■ THE DATA ■

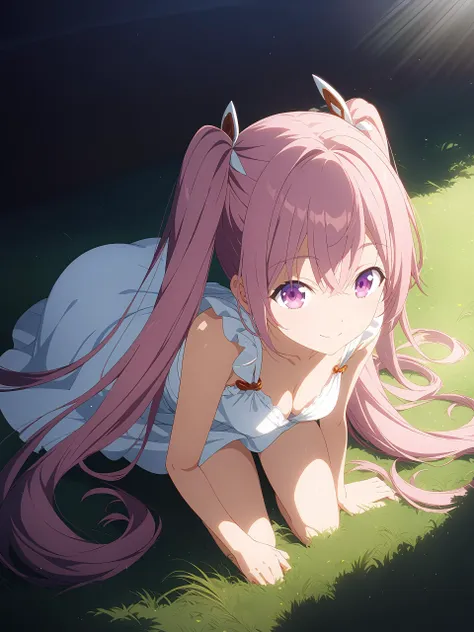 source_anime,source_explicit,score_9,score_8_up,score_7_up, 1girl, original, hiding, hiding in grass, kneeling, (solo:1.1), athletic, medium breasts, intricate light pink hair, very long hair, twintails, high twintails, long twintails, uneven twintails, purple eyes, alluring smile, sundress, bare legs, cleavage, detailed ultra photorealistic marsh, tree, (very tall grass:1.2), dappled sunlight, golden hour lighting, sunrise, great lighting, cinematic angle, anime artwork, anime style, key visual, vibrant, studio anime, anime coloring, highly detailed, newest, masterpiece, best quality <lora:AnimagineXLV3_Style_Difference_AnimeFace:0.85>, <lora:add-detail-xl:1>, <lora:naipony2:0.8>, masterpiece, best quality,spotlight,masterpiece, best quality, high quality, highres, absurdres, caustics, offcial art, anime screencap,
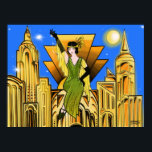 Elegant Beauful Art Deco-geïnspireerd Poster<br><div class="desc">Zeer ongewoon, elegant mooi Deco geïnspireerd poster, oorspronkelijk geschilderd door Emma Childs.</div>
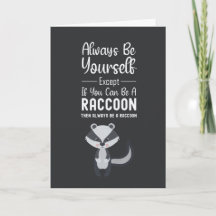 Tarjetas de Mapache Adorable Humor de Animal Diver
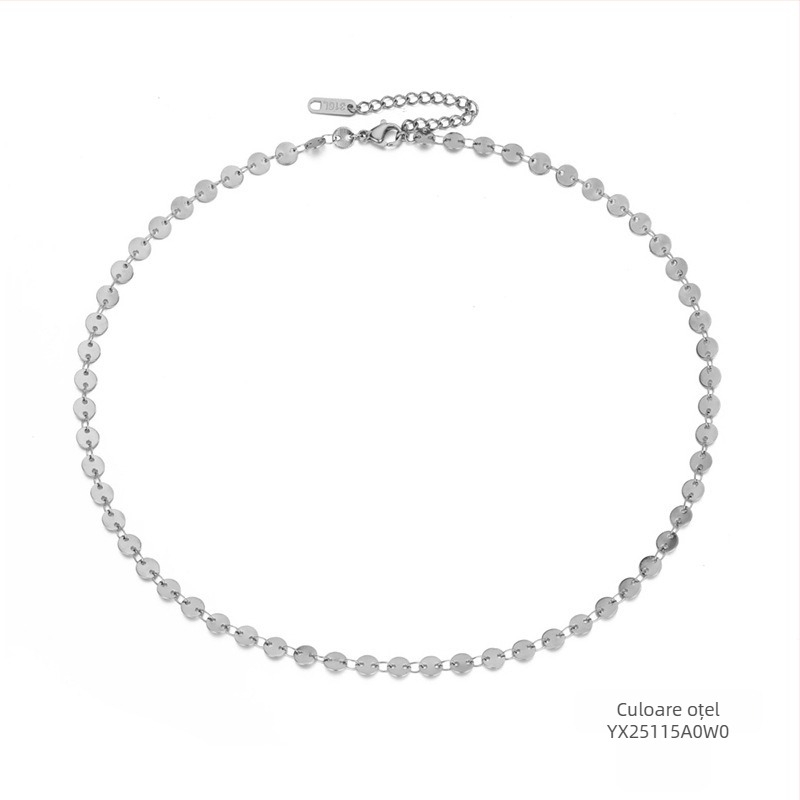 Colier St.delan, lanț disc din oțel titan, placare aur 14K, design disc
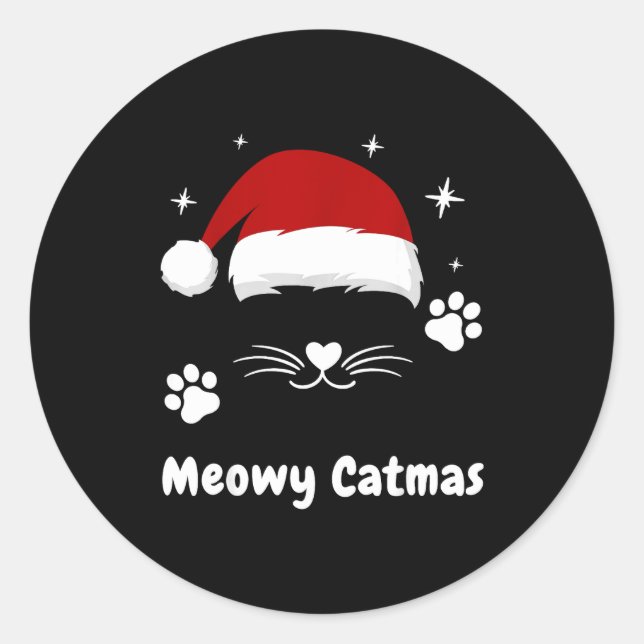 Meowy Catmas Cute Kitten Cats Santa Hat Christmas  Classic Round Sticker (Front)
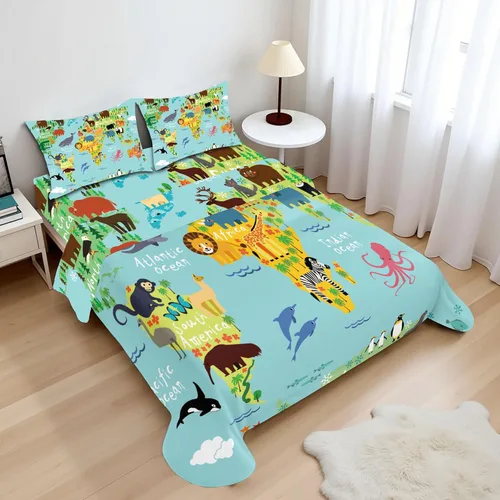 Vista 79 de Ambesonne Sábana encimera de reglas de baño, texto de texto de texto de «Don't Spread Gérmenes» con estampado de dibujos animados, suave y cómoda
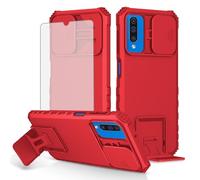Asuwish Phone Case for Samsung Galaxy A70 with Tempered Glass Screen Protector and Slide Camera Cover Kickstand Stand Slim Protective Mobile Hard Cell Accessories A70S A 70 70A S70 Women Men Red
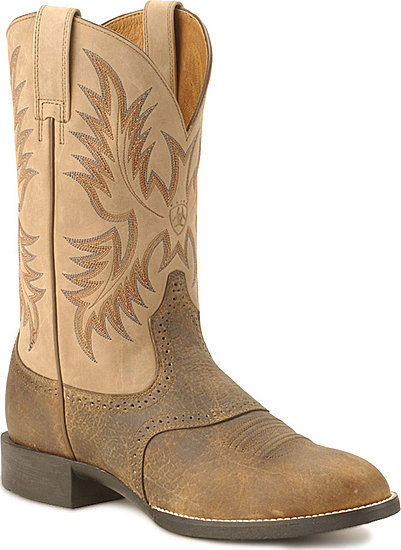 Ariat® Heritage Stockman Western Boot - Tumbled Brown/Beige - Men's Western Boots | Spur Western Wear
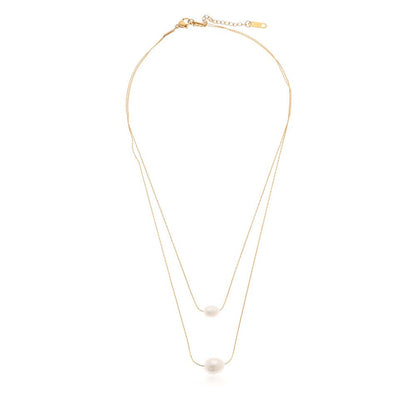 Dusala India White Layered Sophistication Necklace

* * *

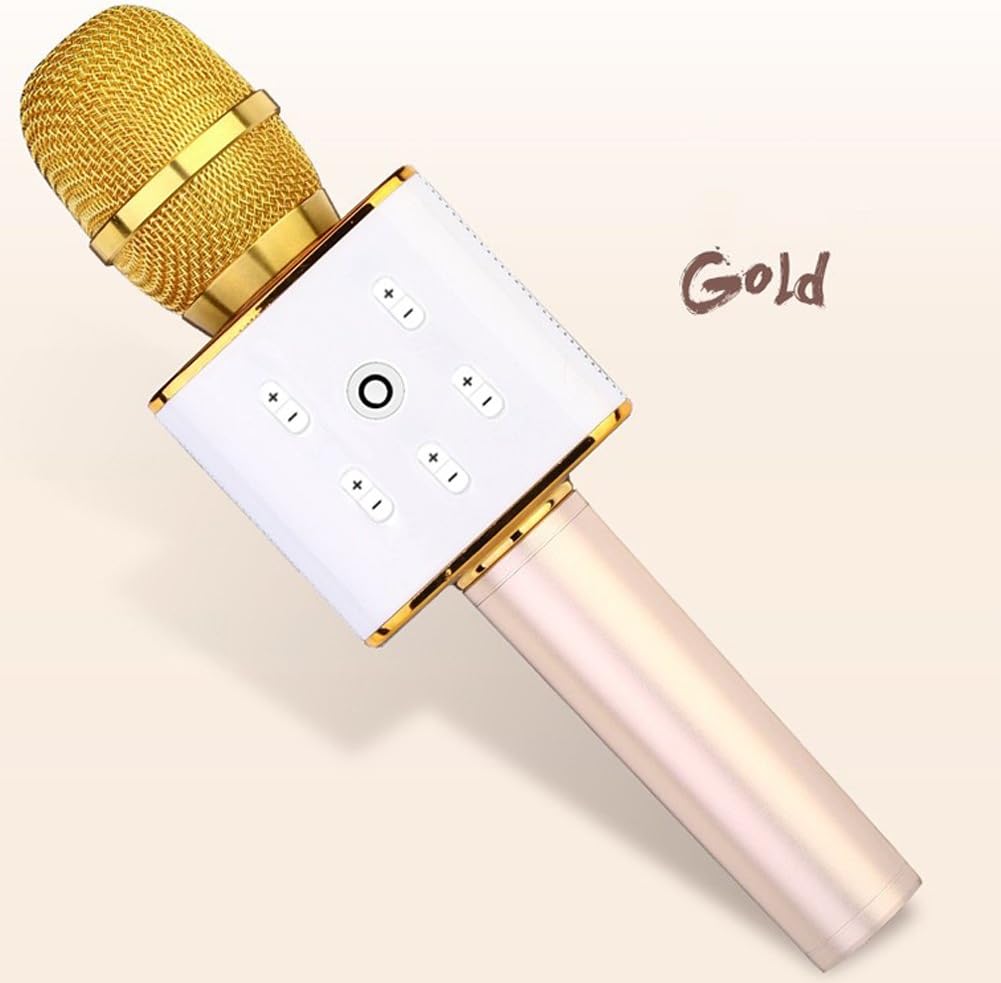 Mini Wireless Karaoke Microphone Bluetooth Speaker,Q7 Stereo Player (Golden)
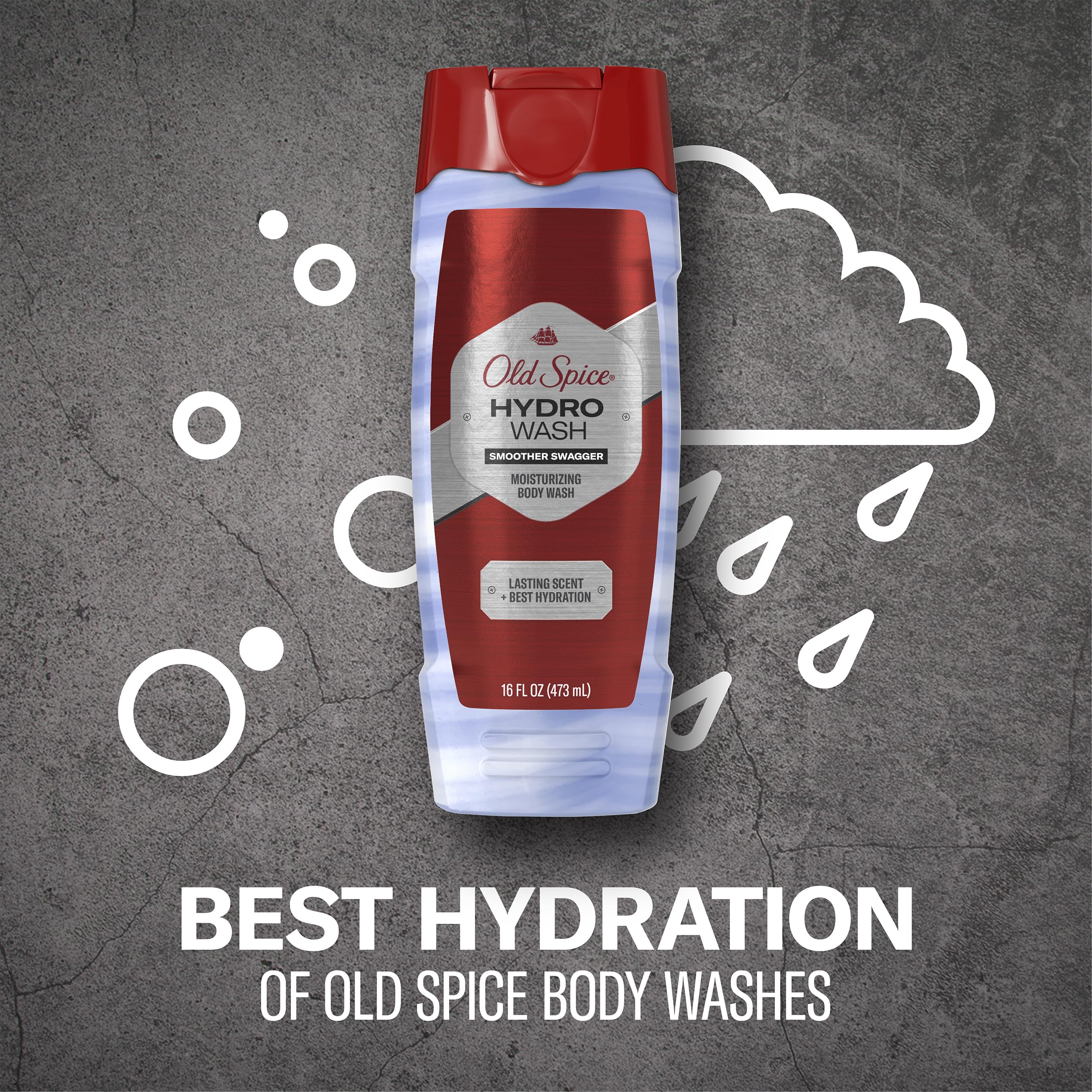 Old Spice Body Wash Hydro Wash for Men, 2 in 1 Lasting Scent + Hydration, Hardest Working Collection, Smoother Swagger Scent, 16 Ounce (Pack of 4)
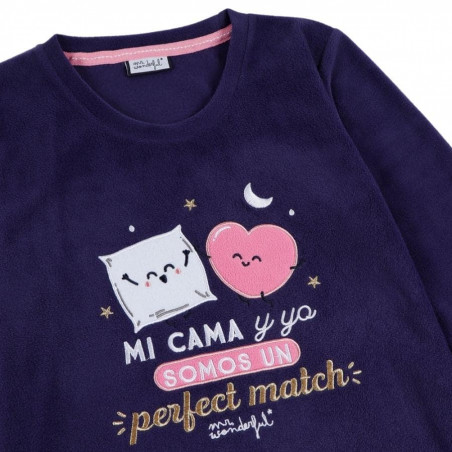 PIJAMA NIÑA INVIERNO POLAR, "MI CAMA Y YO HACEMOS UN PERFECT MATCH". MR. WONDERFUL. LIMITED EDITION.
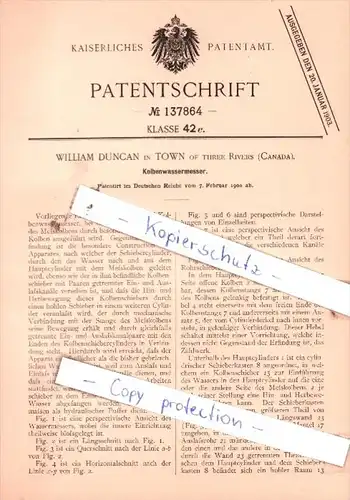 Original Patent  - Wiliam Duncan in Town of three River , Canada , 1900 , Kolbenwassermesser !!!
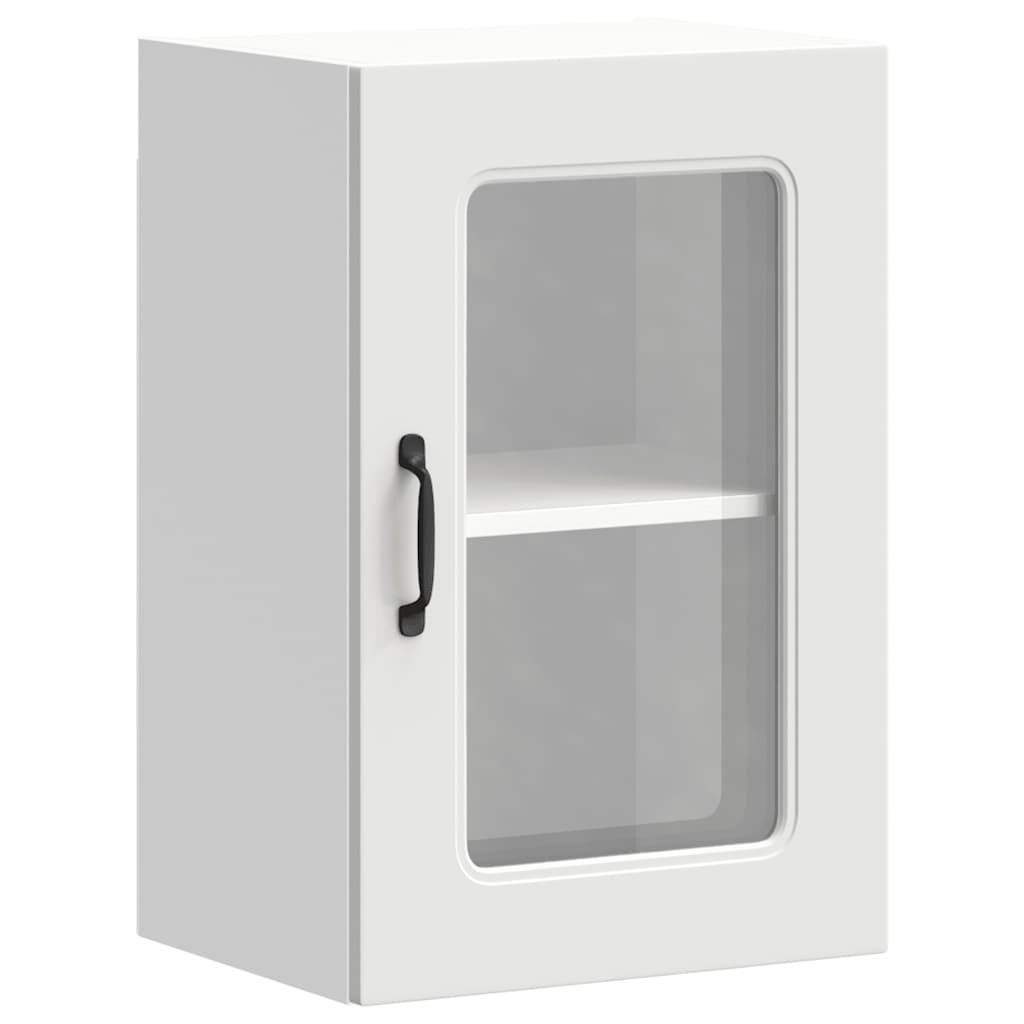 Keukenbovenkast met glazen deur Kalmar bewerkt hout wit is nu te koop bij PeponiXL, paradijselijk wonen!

■ INSTRUCTIONS TO FOLLOW ■
Although pictures appear among the records above, none are to be output; print exactly the lines from the line containing "Mini Wireless Karaoke" through the line containing "Keukenbovenkast met glazen".

■ RESULT OF THIS TASK ■
 Mini Wireless Karaoke Microphone Bluetooth Speaker,Q7 Stereo Player (Golden)
 Old Spice Body Wash Hydro Wash for Men, 2 in 1 Lasting Scent + Hydration, Hardest Working Collection, Smoother Swagger Scent, 16 Ounce (Pack of 4)
 PIJAMA NIÑA INVIERNO POLAR, "MI CAMA Y YO HACEMOS UN PERFECT MATCH". MR. WONDERFUL. LIMITED EDITION.
 Original Patent  - Wiliam Duncan in Town of three River , Canada , 1900 , Kolbenwassermesser !!!
 Keukenbovenkast met glazen deur Kalmar bewerkt hout wit is nu te koop bij PeponiXL, paradijselijk wonen!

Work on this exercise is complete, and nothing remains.